Openly advocating for women’s ordination breaks a taboo that has been prevalent even among Mormon feminists. My first, reflexive feeling about it was fear of censure and discipline. Almost immediately thereafter, a scripture came to my mind:
“God hath not given us the spirit of fear; but of power, and of love, and of a sound mind.” (2 Timothy 1:7)
Why do I fear the people I love? Why do I fear the church I love? Why do I feel powerless to speak my truth? God didn’t give me the spirit of fear. God didn’t make me powerless. God gave me power and love and a sound mind.
When I look at this issue with a sound mind instead of fear, it makes perfect sense to address the root of gender inequality in the church. As long as women are only auxiliary to the priesthood, inequitable policies, practices and norms will persist. I can continue addressing each of these small and great inequities one by one, but why shouldn’t I say what I mean and ask directly for what I believe is right? I believe women and men should be treated as equals and given equal opportunities, not that the church should discriminate slightly less against women. By actually saying what I mean and asking for what I believe to be right, I am using the spirit of power, love and sound mind that God has given me.
At a recent business conference, I saw a playful video replicating the Solomon Asch Experiment. Students in a classroom were asked a simple question. All but one of the students were actors who gave the same, incorrect answer. The only remaining student repeated the wrong answer although it was apparent that she didn’t believe it was right. This pattern repeated itself again and again. A few brave souls did reply correctly, but their faces blushed with shame when they said the obvious truth.
Then the researchers changed the experiment. One actor in the room—just one—said “I see this differently” and gave the correct answer. All of the other actors continued to say the same wrong answer as before. Yet, when her turn came, that final student confidently said what she knew to be right. She spoke the truth.
At this point I started to cry. At work. With all my colleagues surrounding me, laughing at this silly video.
I was imagining myself surrounded by people reciting the most beloved Mormon platitudes about women and the priesthood:
- “Men and women are equal in the church.”
- “Men and women have separate but equal roles.”
- “All of the blessings of the priesthood are available to women.”
- “Women don’t need the priesthood because they have influence/motherhood/spiritual superiority/husbands.”
- “Women lead their own organization.”
- “Women have as much say as men in the councils of the church.”
- “It doesn’t matter who holds the umbrella.”
- “Women don’t want priesthood authority.”
These platitudes would be reassuring if they weren’t so obviously untrue.

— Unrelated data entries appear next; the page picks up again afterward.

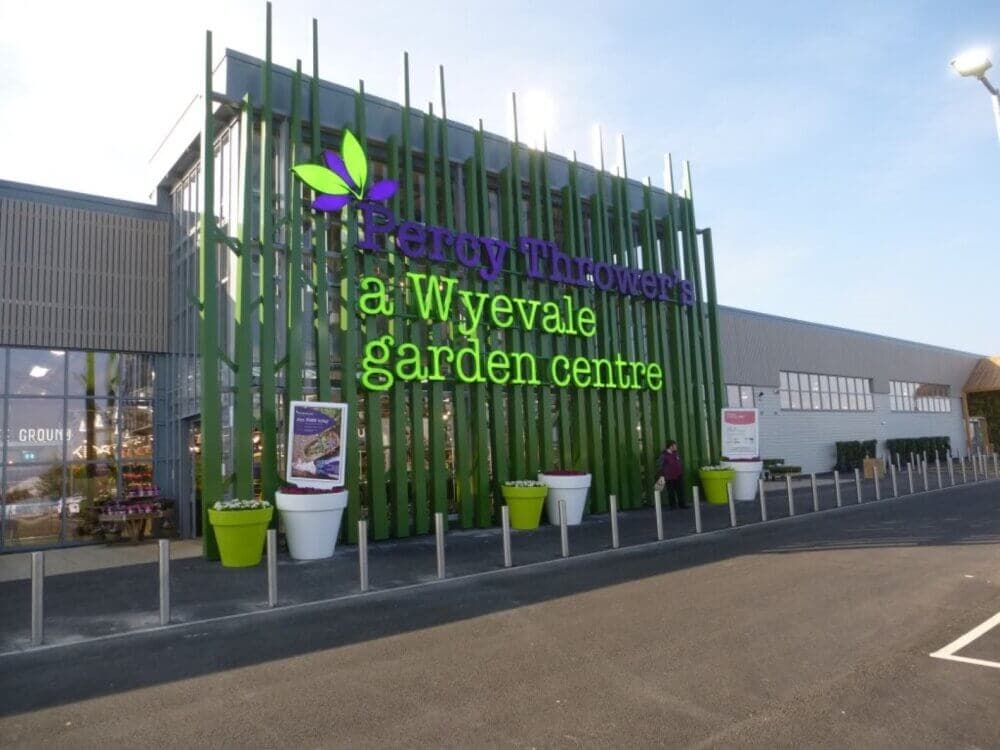 Front entrance to Percy Thrower's Wyevale Garden Centre with green accents and signage. - Home Instead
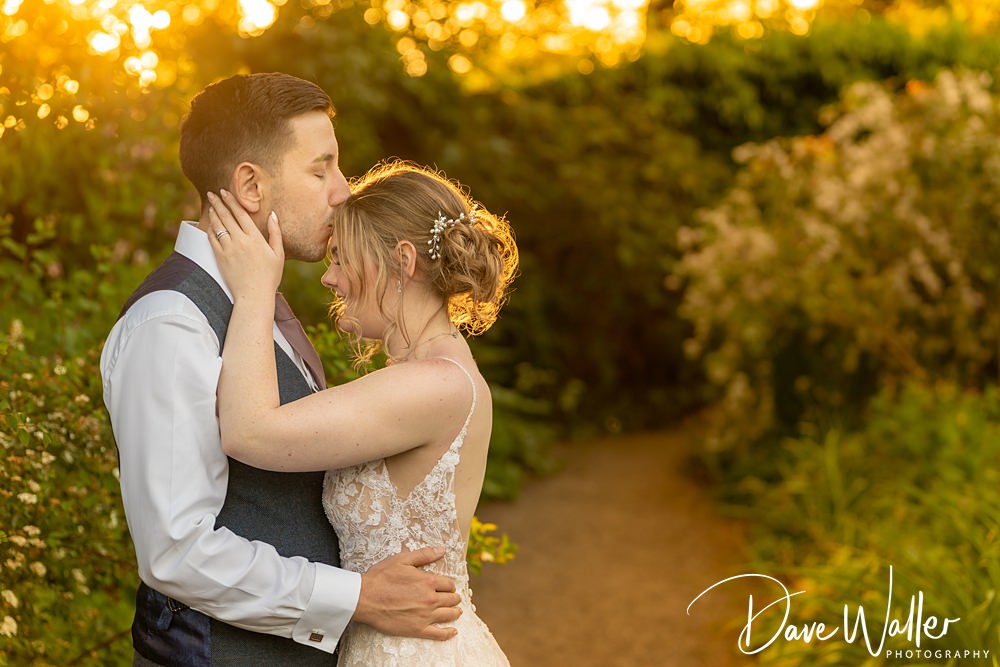 Couple embracing at sunset wedding photography.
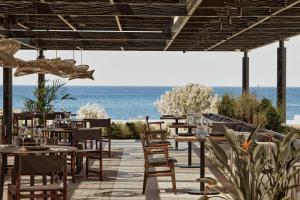 a restaurant with tables and chairs with the ocean in the background at Elissa Adults-Only Lifestyle Beach Resort in Kallithea Rhodes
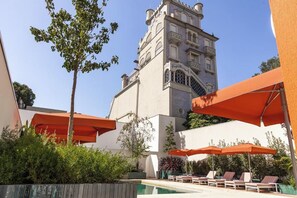 A pool area with lounge chairs and umbrellas, a building with a tower, and greenery. - Vila Catarina Luxury Apartments: Superior Apartment with Balcony and Pool View (Porto)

It is time for me to honor the sound mind God has given me. It is time to think straight about women and the priesthood instead of reciting soothing falsehoods. I am ready to speak the truth as I see it. On October 5, I will be among women attending Priesthood Session of General Conference, presenting ourselves to church leadership as prospective Elders.
My presence at Priesthood Session will be my way of saying, “I see this differently. I see that women are not equal to men in the church. I see that we lack the blessings of priesthood service. I see that our contributions are limited by our auxiliary status. I see that when only men hold the umbrella, women are overlooked and misunderstood. I know that many women want priesthood authority. I am one of them.”
Making such a bold statement in person, instead of within the safe, semi-anonymous void of the Internet, is scary for me. But God didn’t give me the spirit of fear.
Women will come to Priesthood Session in the spirit of power and love that God has given us. We will not protest. If admitted, we will reverently enjoy the session. If barred, we will peacefully leave. I hope great masses of women join me there, but even if I am one of only a few, I pray that I can make as much impact as that solitary person who paved the way for others to speak the truth by saying, “I see this differently.”